→ Problem requirements
Exact copy, no pictures: output each line below as it stands.

→ Dataset extract
_____

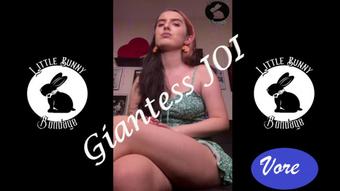 Giantess Gives you a JOI... and eats you - Dec 1, 2021 (LittleBunnyB)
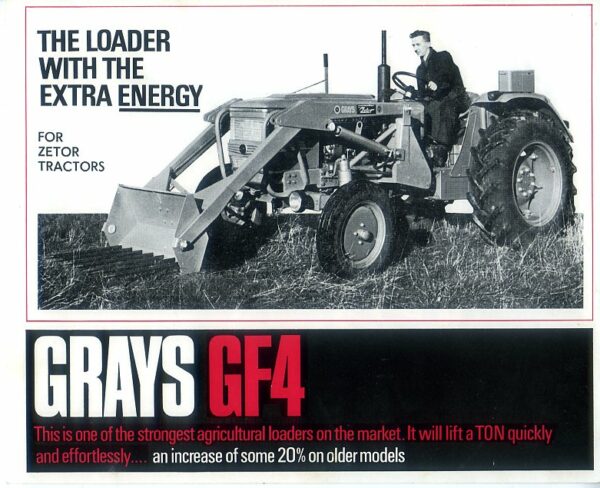 EE85 Zetor Grays GF4 Loader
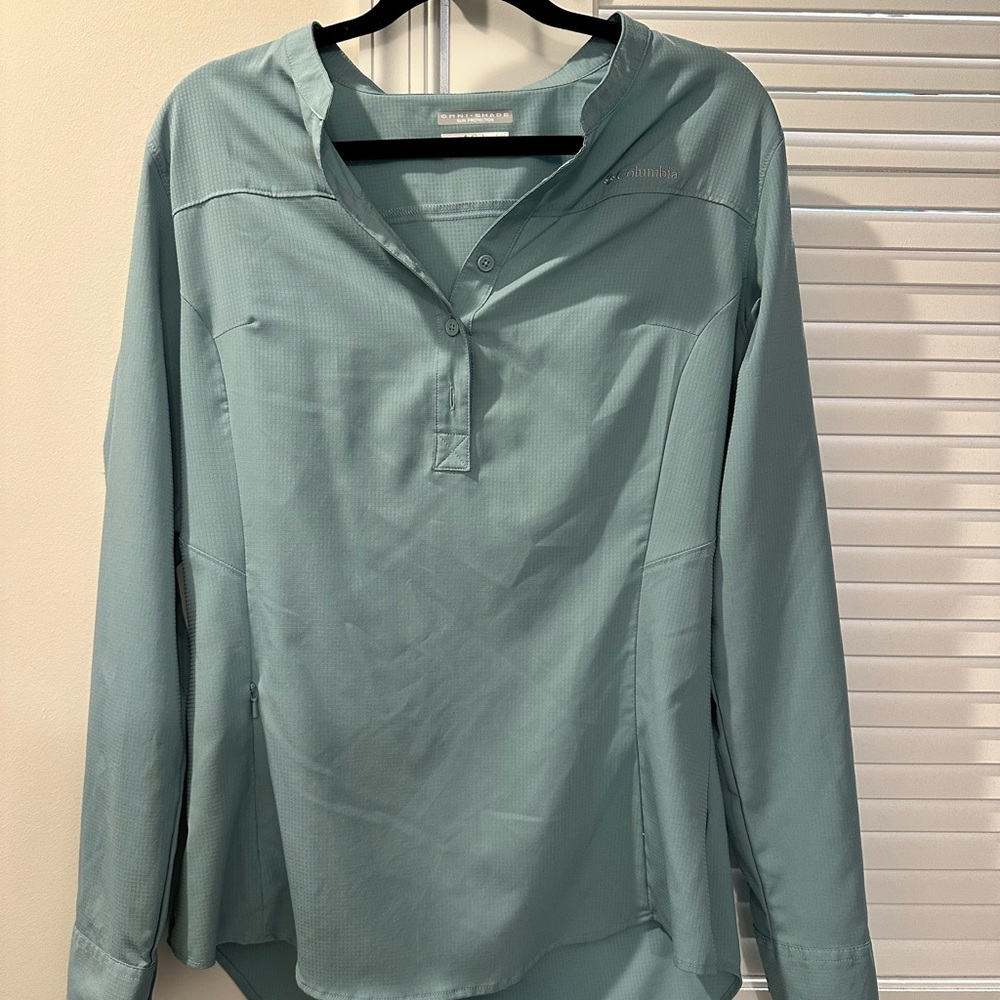 Columbia Green Long Sleeve Relaxed Shirt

_____

→ Output of the task
 Giantess Gives you a JOI... and eats you - Dec 1, 2021 (LittleBunnyB)
 EE85 Zetor Grays GF4 Loader
 Columbia Green Long Sleeve Relaxed Shirt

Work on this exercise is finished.